Может, станет легче

Наталья Радулова — о жизни после смерти

Как пережить горе

Наталья Радулова

"Хоть бы мне после этого наркоза вообще не проснуться",— она отвернулась к стене. До этого я выспрашивала у соседок по палате про общий наркоз: "Лежишь ты, значит, на операционном столе, дрожишь, ждешь, когда тебе вставят катетер в вену, а потом — опа! — и все исчезает? Ты как бы перестаешь существовать, да? Это не сон, не забытье, а ничто, пустота?" И вот гражданка, которой сегодня тоже предстоит операция, заявляет, что хочет оказаться в этой пустоте навечно. Вот блин! И так страшно, а тут еще эта психическая. Ну и ходила бы со своей кривой челюстью дальше. Зачем заниматься прикусом, если хочешь выброситься в окошко?

Потом, когда мы обе приходили в себя, получали свои капельницы с антибиотиками и обезболивающими, эта женщина призналась, что неделю назад умер ее муж. На операцию она пришла просто так — а вдруг действительно не проснется. А проснется — значит будет жить, будет выравнивать свои зубы дальше, сгонять отек с лица, носить какие-то там скобы, радоваться вдруг появившемуся подбородку и исчезнувшей "индюшиной шее": "Муж так хотел, чтобы я, наконец, сделала эту операцию, у меня же почти разрушился сустав из-за неправильного прикуса, такие щелчки были, когда рот открывала, головные боли постоянные, жевала на одну сторону, как старушка, не говоря уже про эстетику лица... Он убедил меня записаться к доктору, собрать документы, чтобы попасть сюда по квоте. Он так меня поддерживал. А когда у него случился инсульт на работе, меня даже не было рядом..."

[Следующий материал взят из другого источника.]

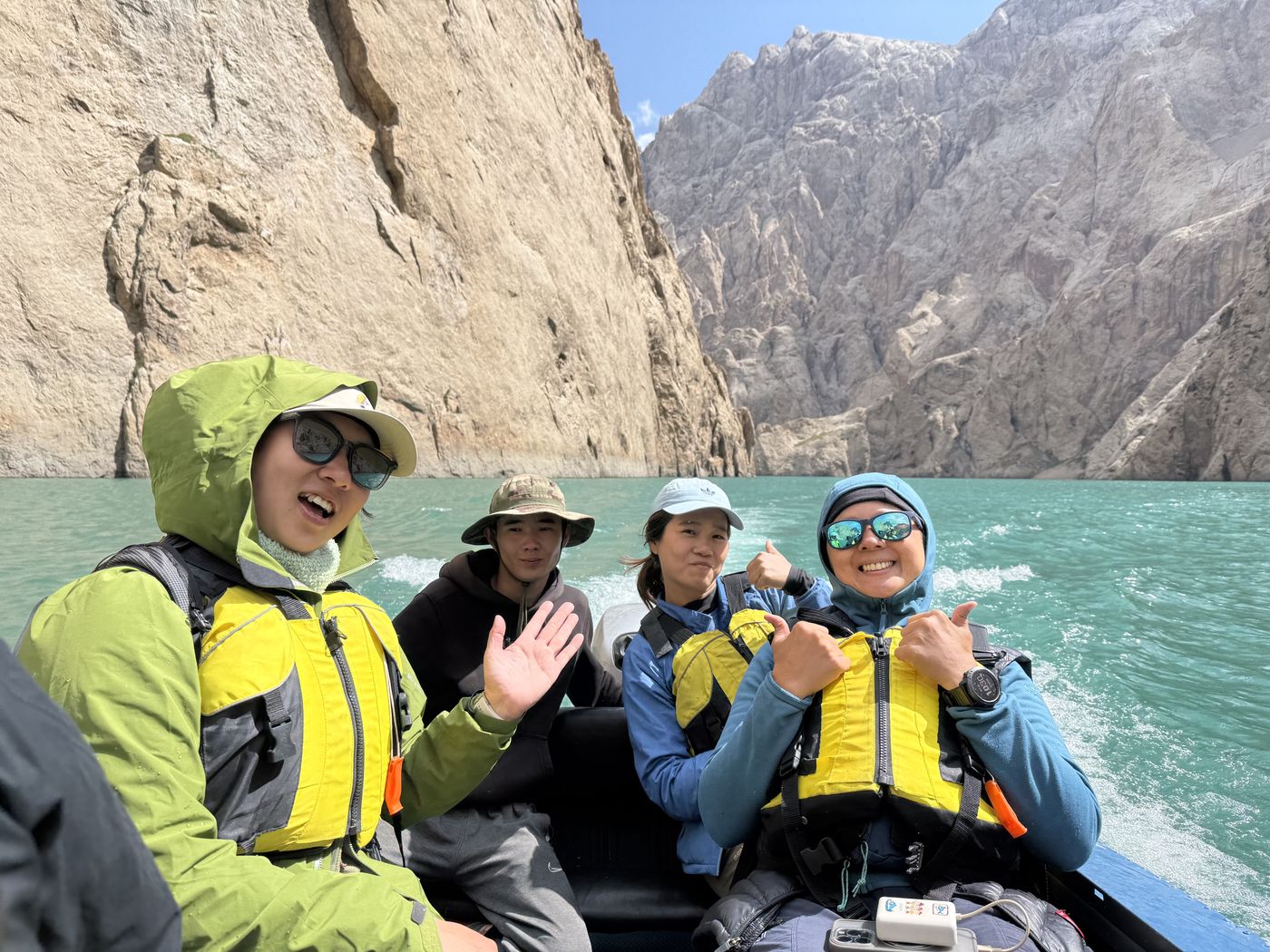 Guests on a boat in the Kel-Suu canyon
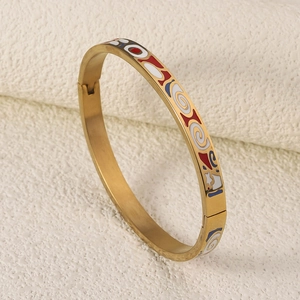 Detailed close-up showing vibrant red, blue, and white enamel patterns on a gold steel bangle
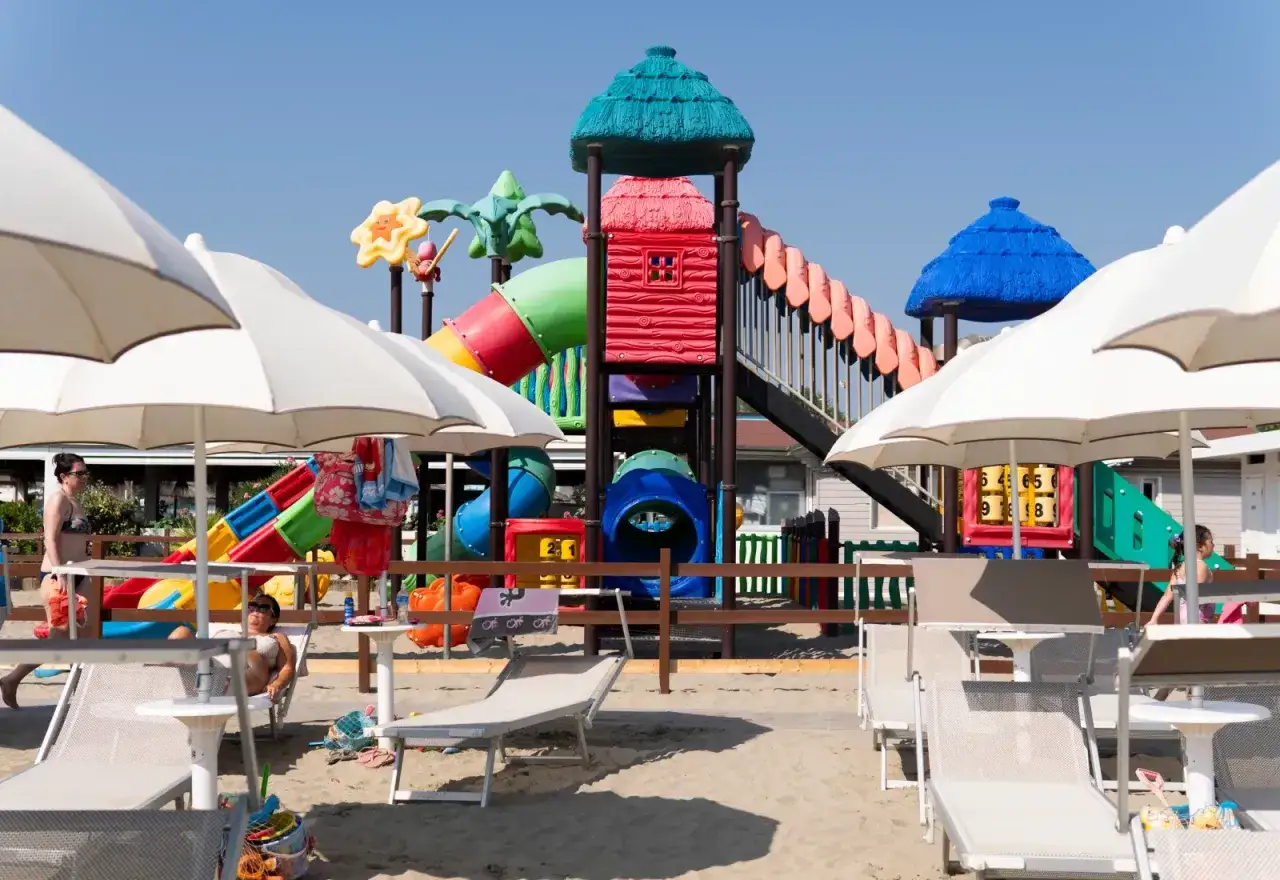 Area giochi colorata in un villaggio a Cesenatico, con scivoli, ombrelloni bianchi e lettini sulla sabbia.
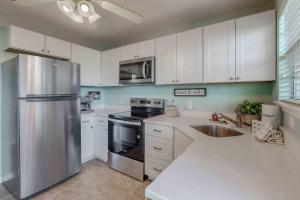 a kitchen with white cabinets and a stainless steel refrigerator at Paradise in the Palms in Mexico Beach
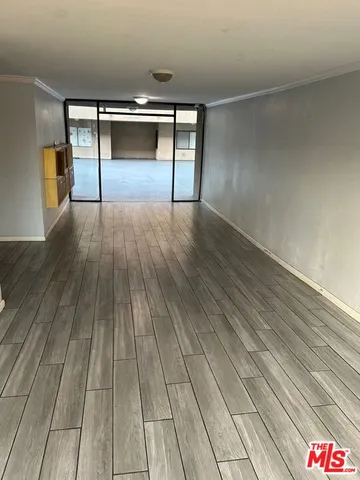 a room with wooden floor and staircase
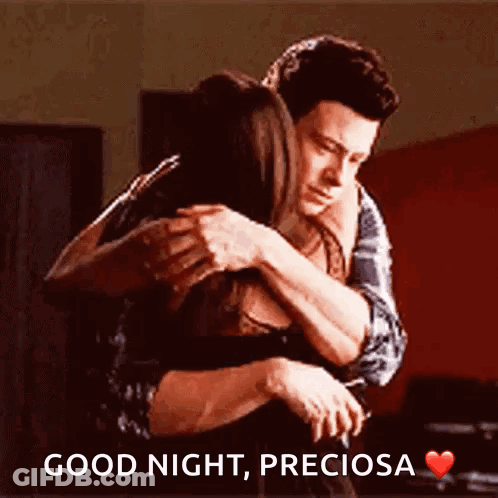 A Man Is Hugging A Woman With The Words " Good Night Preciosa " Written On The Bottom GIF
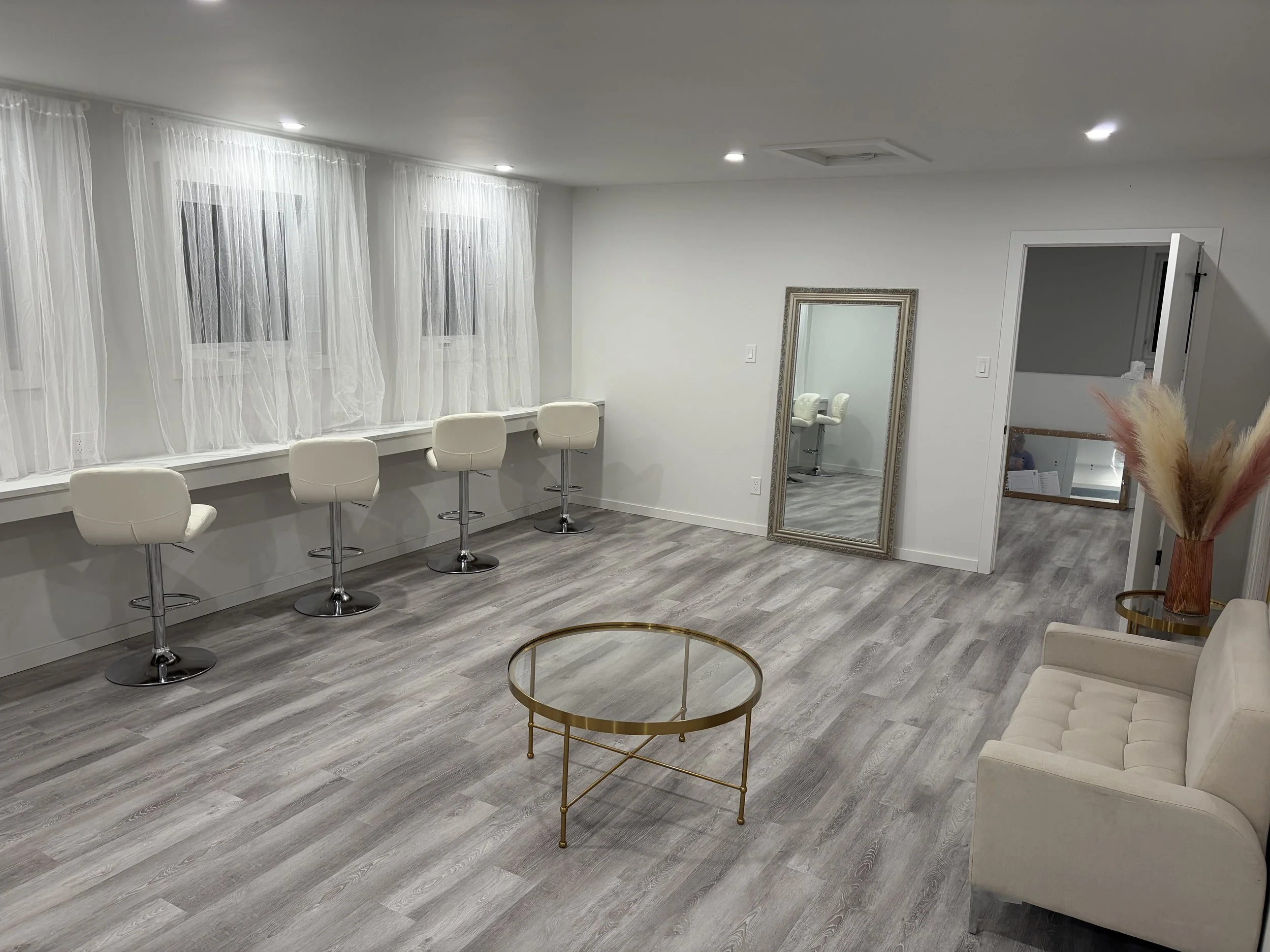 A modern, minimalist room with white walls, sheer curtains on large windows, and a row of white bar stools. Decorative items include a standing mirror with ornate frame, a round gold coffee table, and a cream-colored tufted sofa, with a vase of dried pampas grass in the corner.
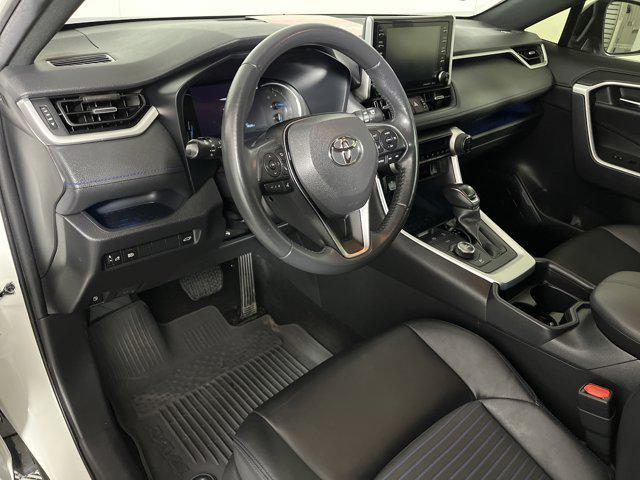 Photo of 2021 Blizzard Pearl/Midnight Black Metallic Toyota RAV4 Hybrid
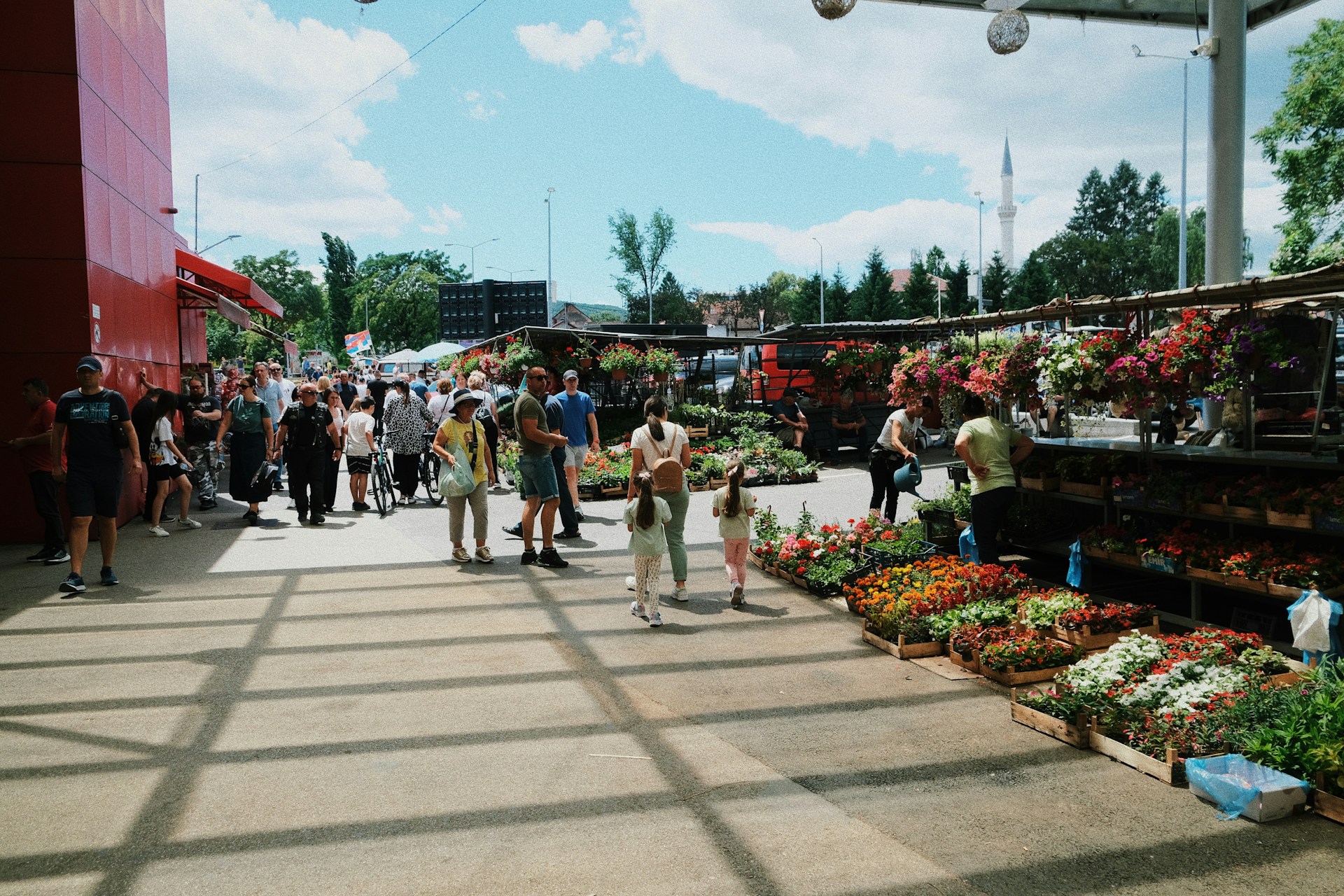 a group of people walking around a market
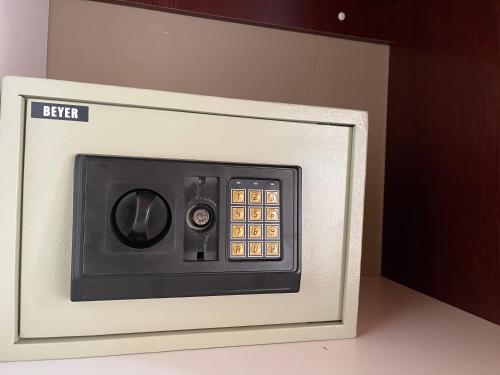 a microwave oven with a control panel on it at Horizon Bed and Breakfast in Roodepoort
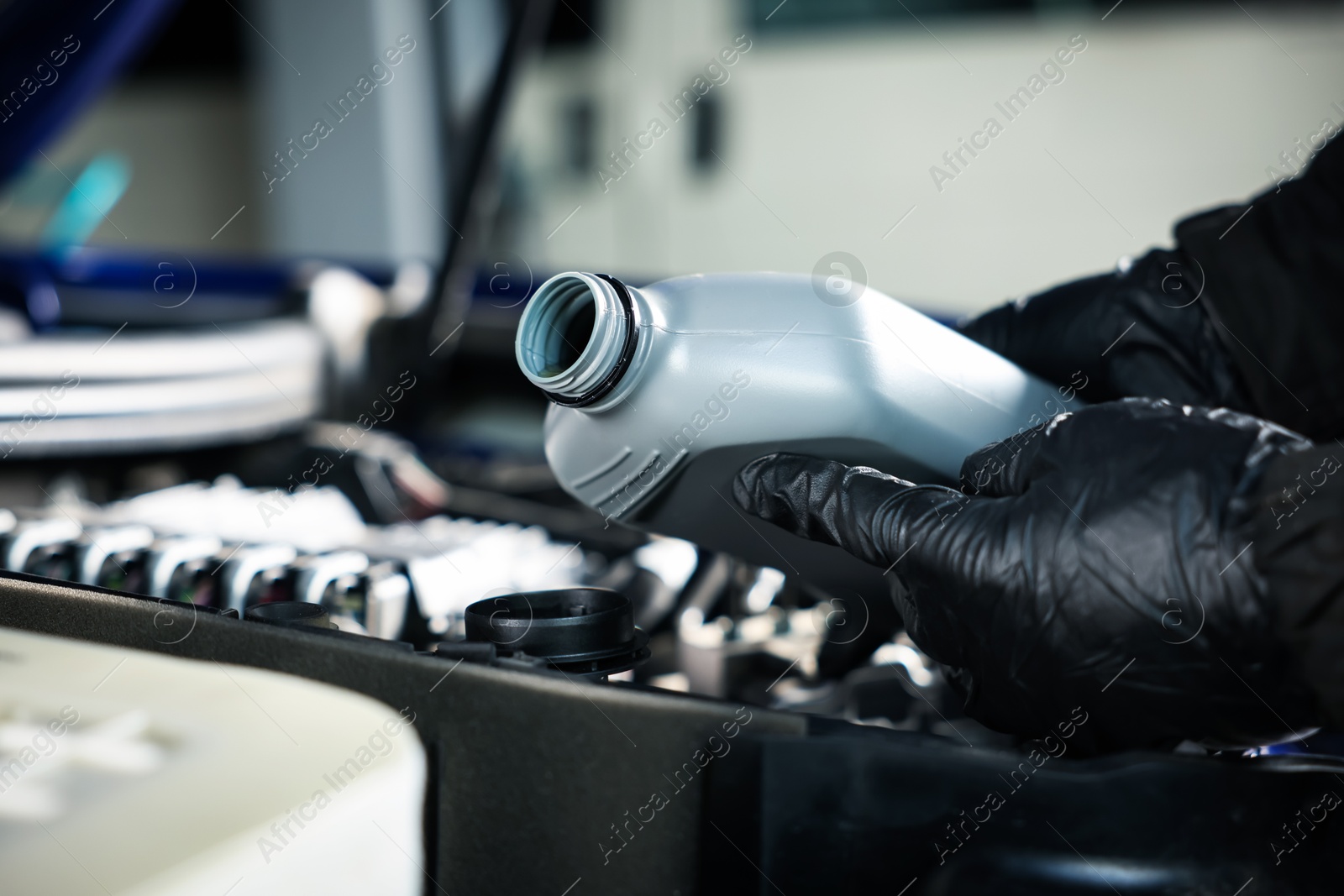 Worker pouring motor oil from canister into car engine, closeup Photo of Worker pouring motor oil from canister into car engine, closeup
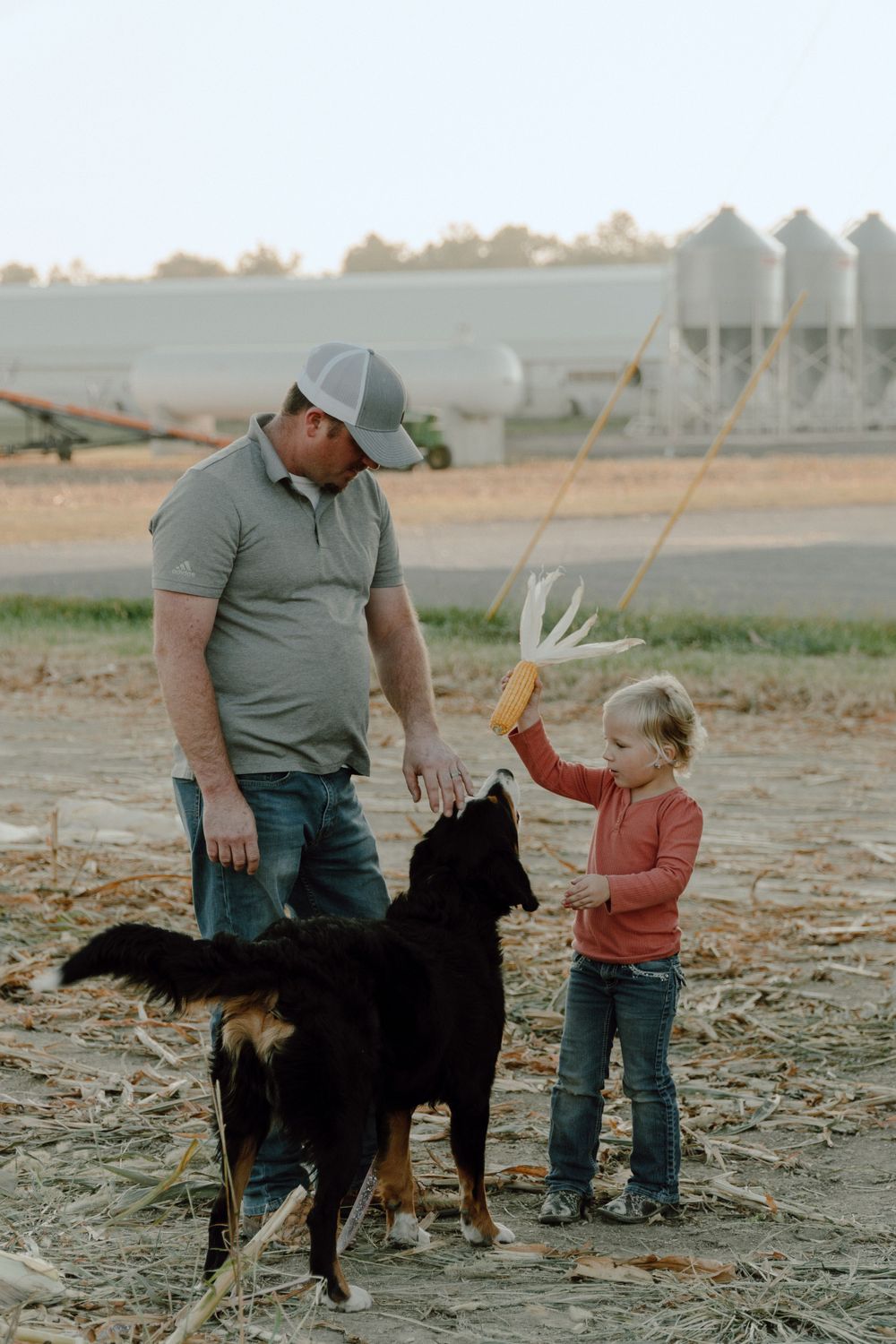 Small child and adult interact with a black dog near grain storage silos on a farm.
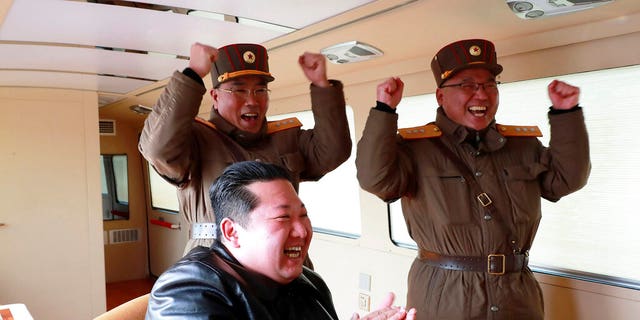 Op deze foto, verspreid door de Noord-Koreaanse regering, klapt de Noord-Koreaanse leider Kim Jong Un tijdens een testvuur van wat naar eigen zeggen een Hwasong-17 intercontinentale ballistische raket (ICBM) was, op een niet nader genoemde locatie in Noord-Korea op 24 maart 2022 .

Дежурная медсестра погладила ее по руке: "Дела, заботы отвлекают, конечно, милая. Но горе все равно надо пережить. Когда мой разбился в аварии, я тоже жить не хотела — мы ведь уже и ресторан для свадьбы заказали. И я тогда, помню, начала вести дневник — просто писала ему каждый день о своих чувствах, вспоминала каждую мелочь, каждый его поступок, каждое его слово. Вся тетрадка мокрая была от моих слез! Но прошло время, и я писала все реже, да и больше о том, как живу, чем занимаюсь. Попробуй, сделай так, может, станет легче".

Ночью она молилась, я слышала. Невнятно, смешно и трогательно — после операции, с болтиками на нижней челюсти, она даже не все звуки еще выговаривала. Но 22-й псалом я тоже знаю наизусть с детства: "Если я пойду и долиною смертной тени, не убоюсь зла, потому что Ты со мной..."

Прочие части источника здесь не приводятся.